Foi esse quadro que levou o TCU, em Acórdão de 2019, a determinar à Anatel a adoção de uma série de providências para que se pudesse apurar com segurança o valor dos bens reversíveis, bem como fosse verificada a ocorrência de malversação de recursos públicos por responsabilidade pessoal de agentes públicos; e, pasmem, na última sessão de julgamento da Corte de Contas, em 27 de março último, o processo que foi instaurado para a apuração de responsabilidades foi arquivado, sob a justificativa apresentada pelo relator Ministro Benjamin Zymler no sentido de que “faltam elementos essenciais de responsabilização”, bem naquele espírito brasileiro de condescender com os mal feitos, por mais graves que eles sejam, como neste caso.
Porém, é curiosa esta conclusão na medida em que, o próprio TCU, em decisão proferida no Acórdão nº 2142/2019, por voto unânime que teve como relator o Ministro Walton Alencar Rodrigues, afirmou que:
“Mencionei que, mesmo após vinte anos de concessão, a agência reguladora não é capaz de informar, com mínimo grau de precisão, quantos são, onde estão e qual o valor dos bens reversíveis colocados à disposição das concessionárias STFC em 1998, nem dos hoje existentes, muito menos o valor apurado pelas concessionárias com as alienações desses bens no período.
Também que a Anatel não tem a menor ideia da parcela não amortizada dos bens reversíveis hoje existentes, nem possui elementos para a calcular.”

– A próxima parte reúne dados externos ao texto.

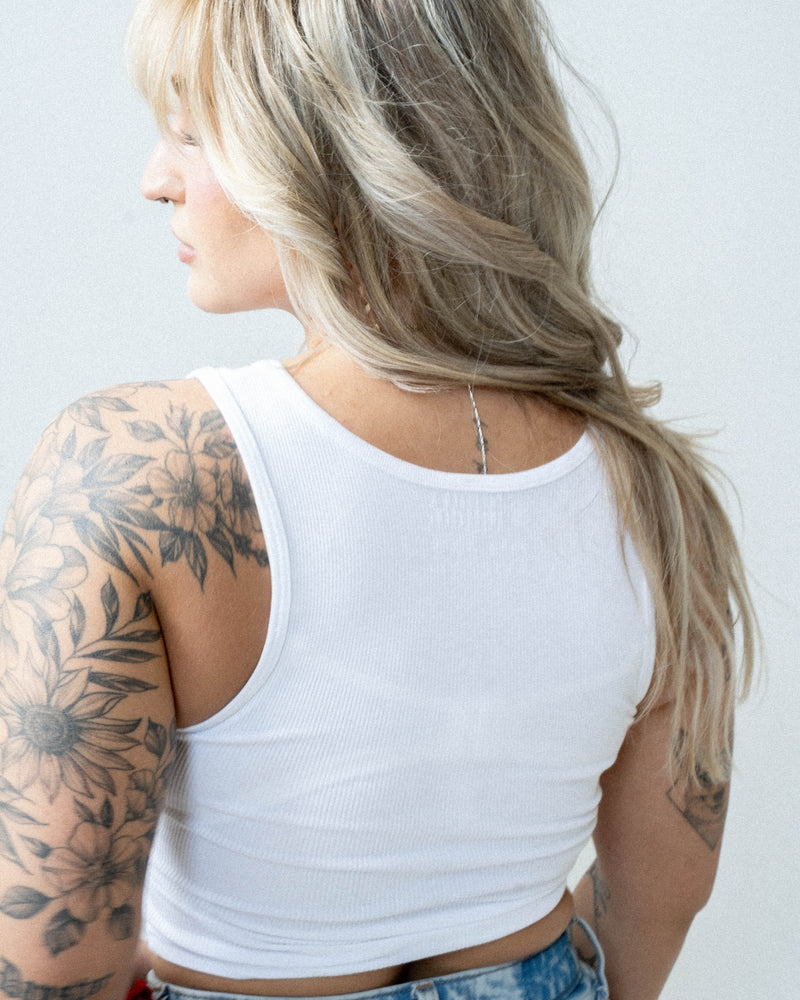 Traditional Ribbed Tank - White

Portanto, tudo indica que a tunga aos cofres públicos será bilionária e a lesão profunda para as políticas públicas de inclusão digital será irrecuperável, caso esse cenário não seja revertido e o TCU e o Poder Judiciário deixem de cumprir com suas atribuições e deixem de atuar para garantir o interesse público.
É certo que no Acórdão 516/2023 o TCU determinou que a Anatel “adote as providências devidas para adequar os cálculos da parcela” que engloba os bens reversíveis do valor econômico da adaptação, (…), de modo a abster-se, principalmente em relação aos bens mais relevantes economicamente, de utilizar valores que sejam significativamente discrepantes da efetiva valoração de mercado desses bens, abarcando, no mínimo, as classes de ativos constituídas por edifícios, terrenos, postes, torres, dutos, cabos de fibra óptica, direitos de passagem e equipamentos ativos de rede” de acordo com as exigências expressas pela LGT, art. 204 do Regimento Interno da Anatel, Resolução Anatel 612/2013 e Manual de Contabilidade Aplicada ao Setor Público (MCASP).”
Vai dar acordão?
Entretanto, as perspectivas não nos deixam confortável para sermos otimistas. Isto porque, em dezembro de 2022, o TCU baixou a Instrução Normativa nº 91, que instituiu “procedimentos de solução consensual de controvérsias relevantes e prevenção de conflitos afetos a órgãos e entidades da Administração Pública Federal”, e os conflitos em torno dos bens reversíveis entraram nesse novo regime, ficando suspensos todos os outros processos que apuram sobre esses bens, sendo que já se tem notícias de acordo sobre linhas gerais para a migração da concessão da Oi firmado em 22 de março último.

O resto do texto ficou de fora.